Australians are wasting more than $10 million a month in excess data usage charges, unaware of how much is being chewed up and by what, a new survey reveals.
The research comes as the Federal Government examines ways to protect consumers from unexpectedly high bills, through a Senate inquiry into ‘bill shock’.
The new finder.com.au study found that while two out of five Australians went over their data allotment, six per cent did it regularly.
Based on 17 million adults in Australia – and some major telcos charging $10/GB for every extra gigabyte – it found that Australians were regularly wasting a combined $10.2 million on excessive mobile data charges.
Finder.com.au compared the amount of data usage per one hour for different activities.
Emailing used about 5MB, music streaming chewed up about 50-100MB and video streaming ranged from 1GB to 7GB, depending on definition.
For many of the 1351 survey respondents, 55 per cent said they ‘had no idea’ how much data they used for different tasks.
Another 26 per cent of respondents said they had ‘some idea’ of where their data went.
Only a startling 19 per cent of those surveyed said they were confident they have a ‘rough idea’ of their data usage. Their confidence was questionable, considering 32 per cent of these people had still tipped their data usage over the limit.
Head of the Senate Economics Committee, Labor Senator Sam Dastyari, is leading a ‘bill shock’ inquiry after suffering himself, when his latest mobile phone bill arrived at a whopping $15,175, increasing to $17,286 when including his office landline, from January to June 2015.
He told The Australian he was “embarrassed” and “shocked” about the final total, and decided to source his own phone plan independent of the public system, paying his own bills going forward.
“I have to say, I now understand bill shock,” Senator Dastyari said.
“While I have never apologised for being a workaholic, I certainly should be better at managing my phone. I can negotiate a better deal if I pay for it myself, so I will.”
How to reduce your usage
Finder.com.au tech expert Angus Kidman said that while there were tips to reducing data usage, the best option would be to follow Senator Dastyari’s lead and find a better deal.
“Our survey found that the average Australian uses 2GB of data per month, but the fact is we’re seeing many people exceeding their allocated data usage. If you’re one of them it may be time to reconsider your current plan,” Mr Kidman said.
“Australians looking to minimise their data bills should look at where the bulk of their phone costs are coming from.
“The first step there is to work out whether outright plans are actually cheaper for your usage behaviours, or if a plan will provide you with better value.”
Mr Kidman warned Australians to carefully consider global roaming charges if heading overseas this holiday season.
“When you’re in a different country and time zone, you’re more likely to be using Facebook than making phone calls, uploading photos and video, taking lots of photos and using Google Maps to find your way around,” Mr Kidman said.
“Don’t just rely on the default roaming settings. You’ll end up paying an absolute forune, especially for data.
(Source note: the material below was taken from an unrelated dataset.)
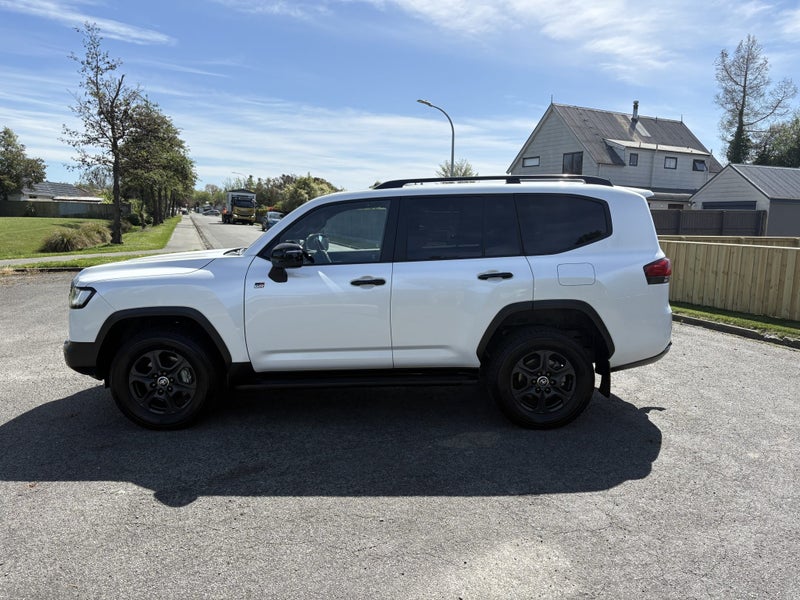 2024 Toyota Land Cruiser 300 GR Sport 3.3DT 10A... image 5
For example, Telstra’s default charge is $3 per megabyte.
“The most affordable option is usually to buy a local SIM when you land. If travelling with a partner or friend, look for a SIM on a network that allows free calls and texts to other customers on the same network.”
Tips to stop data creep
Facebook: The addition of autoplaying video on Facebook is a prime culprit for chewing up lots of your quota. Always disable Facebook’s auto-playing of video streams, as well as checking the exact settings for data usage within the Facebook app to lower image quality.
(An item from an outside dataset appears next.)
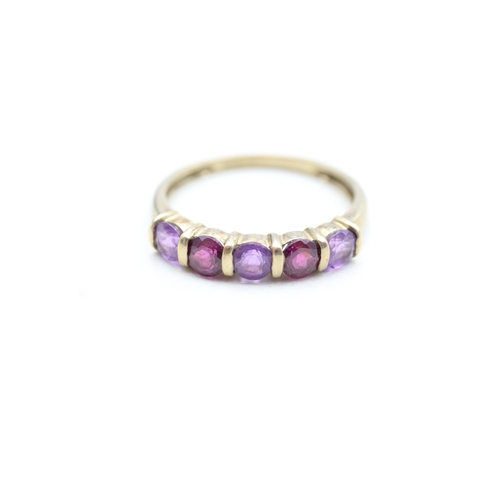 140 - 9ct gold amethyst and garnet set five stone eternity ring (2.1g) Size T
Spotify: If you’re regularly going over your data due to music streaming, consider paying the $11 monthly fee to have access to the offline playing option.
Candy Crush: This applies to all games – drop your phone into airplane mode before playing, as some games will use data even if it’s not required to run. It may also reduce the number of advertisement pop-ups.
Web browsing: Turning off ‘image loading by default’ is an easy way to reduce the amount of data per web page – definitely a good case of set and forget.
Email: Set your email to check infrequently, because even checking sessions use fractions of data, and your provider may charge in larger blocks even if you’re only using small amounts.
Video: Try to set the video quality as low as your eyes can handle. You’ll not only save data costs, but also minimise the amount of buffering each video has to perform before it will play smoothly.